若样本带权重(如按余额加权、过采样校正),在训练与评估阶段统一传入同一 weight_col,保证指标口径一致。详见 模型训练 — 样本权重 与 模型评估 — 样本权重评估。
流程总览¶
flowchart LR
A[原始样本] --> B[样本切分]
B --> C[选择 WOE 分箱引擎]
C --> D[特征筛选<br/>PSI / IV / 相关性]
D --> E[WOE 编码]
E --> F[模型训练<br/>LR / LGB / XGB / CAT]
F --> G[模型评估<br/>Gains / ROC / KS]
G --> H[模型解释<br/>SHAP / Owen / PDP / ICE / ALE / LIME]
H --> I[Excel 报告]
H --> J[线上线下 UAT]
H --> K[监控 PSI]
style A fill:#e3f2fd
style C fill:#fff9c4
style I fill:#c8e6c9
style J fill:#fff9c4
Step 1:样本切分¶
from Modeling_Tool import SampleSplitter
splitter = SampleSplitter(test_size=0.3, random_state=42, stratify=True)
train_df, test_df = splitter.split_df(master_df, target="bad_flag")
oot_df = master_df[master_df["apply_month"] >= "2025-07"].copy()
# 权重列随 DataFrame 一起切分(示例:sample_wgt 已在 master_df 中)
assert "sample_wgt" in train_df.columns
权重列准备
权重列应在切分之前写入 master_df,切分后 train_df / test_df / oot_df
均保留该列。
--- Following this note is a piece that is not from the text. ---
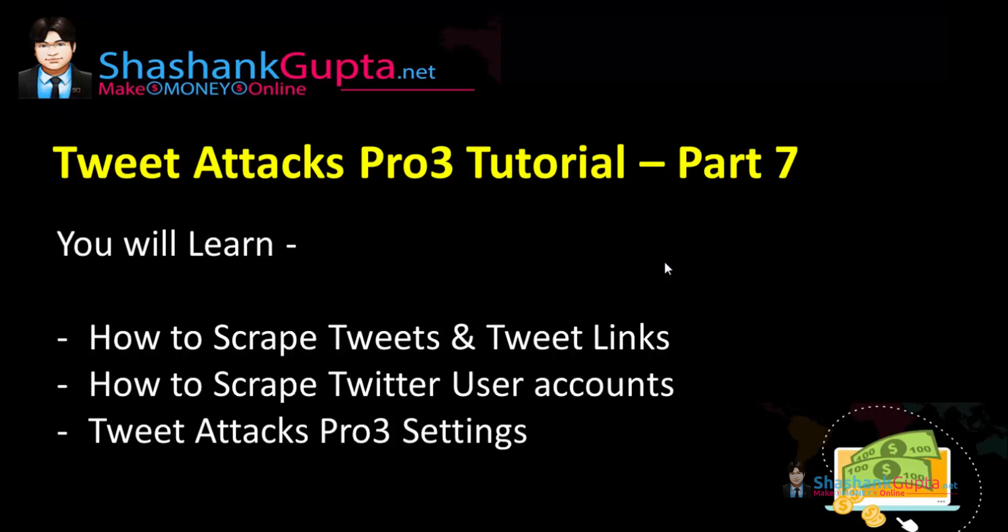Hi guys, Shashank here from Shashankgupta.net. Welcome to Twitter Text Pro 3 tutorial part 7.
典型来源:贷款余额、时间衰减系数、过采样逆概率等。
Step 2:选择分箱引擎¶
如果只是快速探索,可以使用 WOE_Master;如果要做评分卡上线,推荐使用 MonotoneWOEBinner。
为什么先选分箱引擎?
PSI、IV、相关性去冗余都应该基于最终建模使用的同一套分箱。否则筛选指标与最终 WOE 特征可能不一致。
Step 3:特征筛选¶
3.1 PSI 稳定性¶
from Modeling_Tool import PSICalculator
psi = PSICalculator(buckets=10, binning_engine=woe_engine)
psi_table = psi.calculate(expected_df=train_df, current_data=oot_df, varlist=features)
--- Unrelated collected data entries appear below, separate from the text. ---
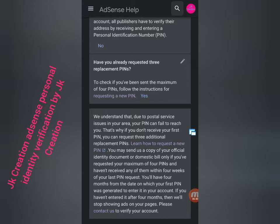And haven't received any of them within four weeks of your last PIN request. You have four months from the date your first PIN was generated to verify your account. If you have not entered it after four months, payments will stop on your page. Please contact us to verify your account. Click Contact Us.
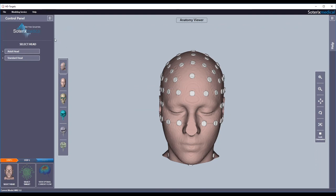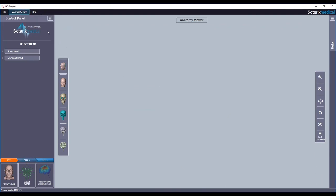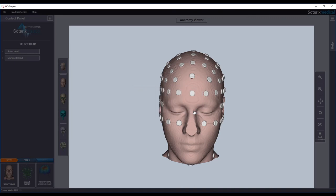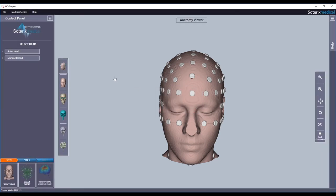Once the solutions are available, you click the download head models option to download them to your local machine. The new head model will now be available for you to select in step 1 or in the select head step.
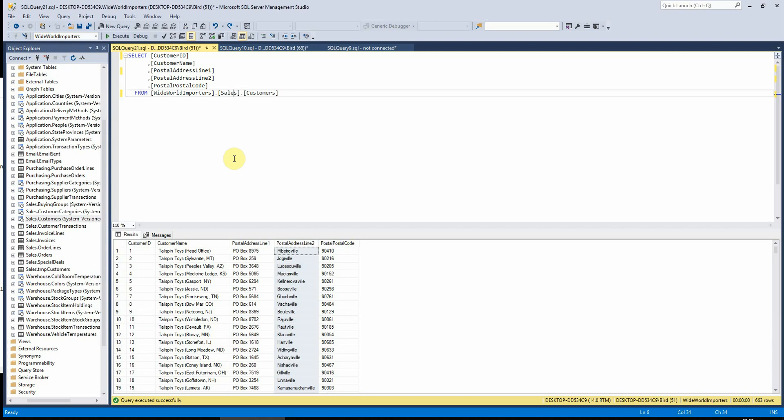Hello everyone! Today I'm going to show you the distinct, union, and union all commands.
stable_features = psi_table.loc[psi_table["psi"] < 0.1, "var"].tolist()
3.2 IV / KS 信息量¶
from Modeling_Tool import VarExtractionInsights
insights = VarExtractionInsights(
data=train_df,
dep="bad_flag",
plot_path="./iv_plots/",
woe_engine="monotone" if hasattr(woe_engine, "apply_woe") else "master",
woe_binner=woe_engine,
)
report = insights.get_var_analysis_report(train_df, stable_features)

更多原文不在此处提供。